Feeder Cattle futures gained to start the week as Corn futures maintained their lower pace, in relative terms.
Feeder Cattle futures closed an average of $1.14 higher (37¢ to $1.60 higher).
Live Cattle futures were mixed on Monday, though as the slower pace of slaughter cork potential.
Live Cattle futures closed mixed, from an average of 29¢ lower to an average of 20¢ higher.
Choice boxed beef cutout value was $2.68 higher Monday afternoon at $319.62/cwt. Select was $3.70 higher at $296.89.
Corn futures closed mostly 1¢ to 3¢ higher, except for 8.6¢ higher in new spot Jly and 3¢ to 5¢ lower in most new crop contracts.
Soybean futures closed mostly 1¢ to 4¢ lower.
Major U.S. financial indices softened Monday, with most of the pressure presumably coming from inflation worries.
The Dow Jones Industrial Average closed 54 points lower. The S&P 500 closed 10 points lower. The NASDAQ was 50 points.
“Beef cow slaughter increased sharply in the latest data to levels not seen since fall cow culling last November and December,” says Derrell Peel, Extension livestock marketing specialist at Oklahoma State University, in his weekly market comments. “Weekly beef cow slaughter increased 13-14% in the latest two weeks of data over the previous six-week average. It appears herd liquidation is already happening and more can be expected. Poor pasture conditions now, reduced hay stocks and limited potential for pasture and hay production all suggest that additional beef cow herd liquidation is imminent.”
Although marginally more positive week to week, 25% of the nation’s pasture and range was rated as Good or Excellent for the week ending May 16, compared to 47% a year earlier, according to the latest USDA Crop Progress report. Conversely, 43% was rated as Poor or Very Poor, compared to 16% a year earlier.
The previous week, based on regional aggregation compiled by the Livestock Marketing Information Center, Peel explains 51% of pastures were rated Poor or Very Poor in the eight states of the western region, 43% in the seven states of the Great Plains Region and 29% in the Southern Plains states of Oklahoma and Texas.
“These three regions account for 60.6% of the total beef cow inventory,” Peel says. “Currently 40.1% of all beef cows in the country (12.67 million head) are in states with 40% or more poor to very poor pasture and range conditions.”

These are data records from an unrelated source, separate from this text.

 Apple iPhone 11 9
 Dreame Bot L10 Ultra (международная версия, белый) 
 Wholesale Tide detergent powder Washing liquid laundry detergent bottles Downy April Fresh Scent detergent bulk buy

At the same time, Peel says May 1 hay stocks were 24.9% less year over year in the West; 34.1% less than the five-year average. Hay stocks in the Great Plains region were down 20.1% year over year and down 6.4% from the five-year average. Southern Plains hay stocks were 28.8% less than the same time a year earlier; 29.3% less than the five-year average.